自民党の派閥はとっくの昔に機能停止して形式上存続してるだけだから、派閥解消を謳ってる時点で笑止だけども。
必要だから存在する (南太平洋)
2010-02-26 09:41:28
不要なものが存在する道理はない。存在しているのは必要だからといえる。もっとも不要であっても邪魔でないから生き残っているものもあるだろうが。

派閥が不要なら誰も派閥には入らないわけで、現に入って活動している人たちがいるという事実は重い。無派閥はつまるところ会務すらあまり積極的に参加しないだろう。自身の勉強になり、対外的にアピールできるような専門的な実務委員会ならいざ知らず、それ以外の委員になるメリットはないだろう。人気のない委員会は派閥に御願いして人を集めてもらうのが実情であろう。
会議すらも定足数があれば、一定数以上の参加者がいなければ開くことすらできない。
派閥がつまらない?人間関係でどうにかこうにか拝み倒して人材を集めているとしたら、派閥をなくしたら一体どうやって弁護士会は会務の人材を得られるのであろうか?

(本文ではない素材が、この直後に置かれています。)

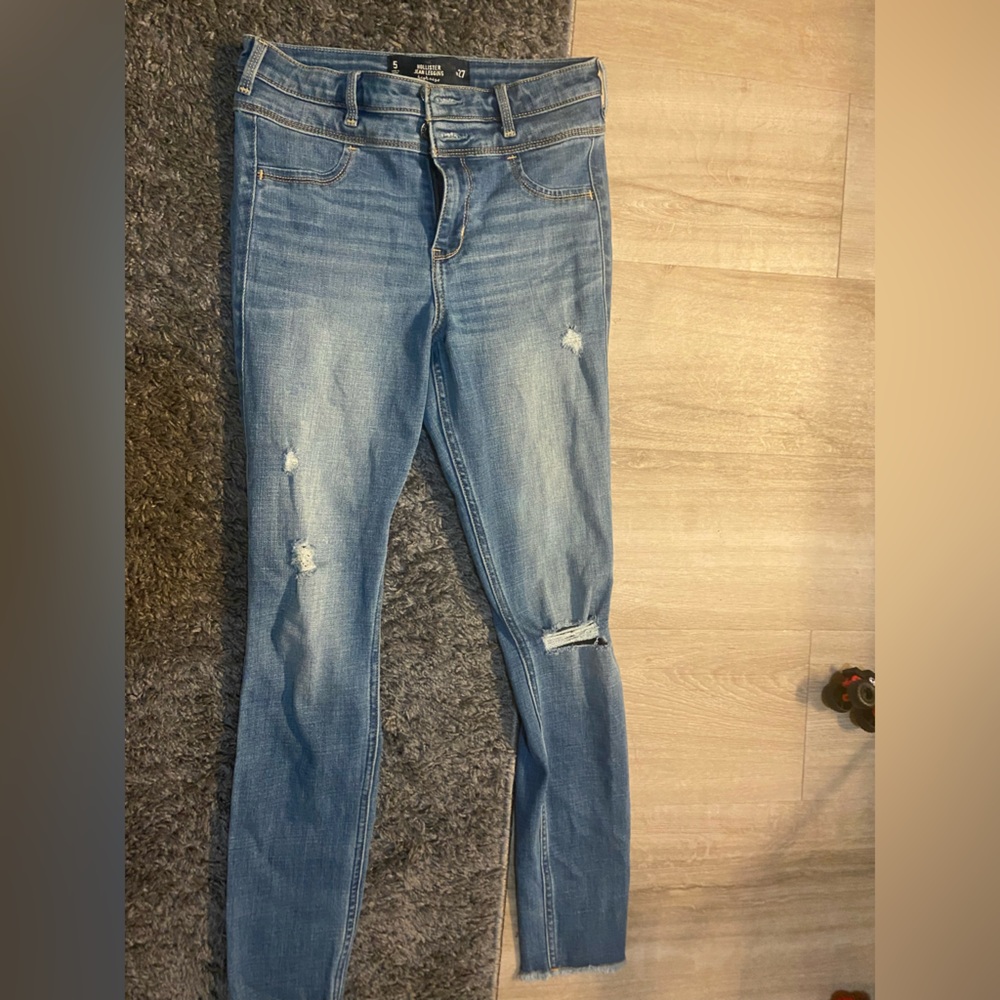 Skinny Jeans with Holes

それに野外から好き勝手に言っているだけでは物事を成就できない。本来は、会員の意見は弁護士会が吸い上げるべきであり、派閥が派閥外の意見を吸い上げる義理はない。派閥は派閥の意見を会に言うべきであり、何が悲しくて派閥外の意見をわざわざ吸い上げなければならないのだろうか。無論、選挙のときに票が欲しいと思えば、派閥外から積極的に声を拾おうとするだろうが。
Unknown (Unknown)
2010-02-27 18:31:38
怪文書や裁判員制度反対声明をFAXで
送ってくるのが派閥なのでしょうか?
高山弁がどうなったのか、その後を知りたいです。
どうでもいいことだけど。
八百長裁判 (安淳徳)
2012-05-01 18:23:54
色々勉強になりありがとうございます。

弁護士会にも派閥があることを、
最近知って、やっぱりと。。。

普通なら、弁護士会にも派閥があると言われたら、
え?と思い、意外に思うはずですが、

私の場合は、2007年から、
訳わからずに公権力の悪用・犯罪の被害を受けて訴えてる中、

沢山の法律相談をしたり、
霞ヶ関にある弁護士会館を訪ね助けを求めたり、
日弁連主催の各種シンポジウム、講演会、集会などに参加し、
沢山の弁護士に訴え、助けを求めてるにも関わらず、
みんな避けたり、沈黙ばかりで。。。

私の事件を取り組むにも弁護士が独断に決められない様子をなんとなく分かるようになったので。。。

何のための派閥なのか分からないですが、
政策のためと言われてますが、
本当の所は利権派閥のようで、
弁護士会も利権団体化してるのではと思ってるところ出る。

話し変わりますが、
まっすぐで社会的な使命感を忘れてない弁護士さんは沢山いると信じてるので、

あきらめずに、
http://blogs.yahoo.co.jp/ansund59 の事件依頼を引き受けてくださる弁護士を探してます。

どうか、、、
Unknown (Unknown)
2012-05-01 21:18:18
ただで?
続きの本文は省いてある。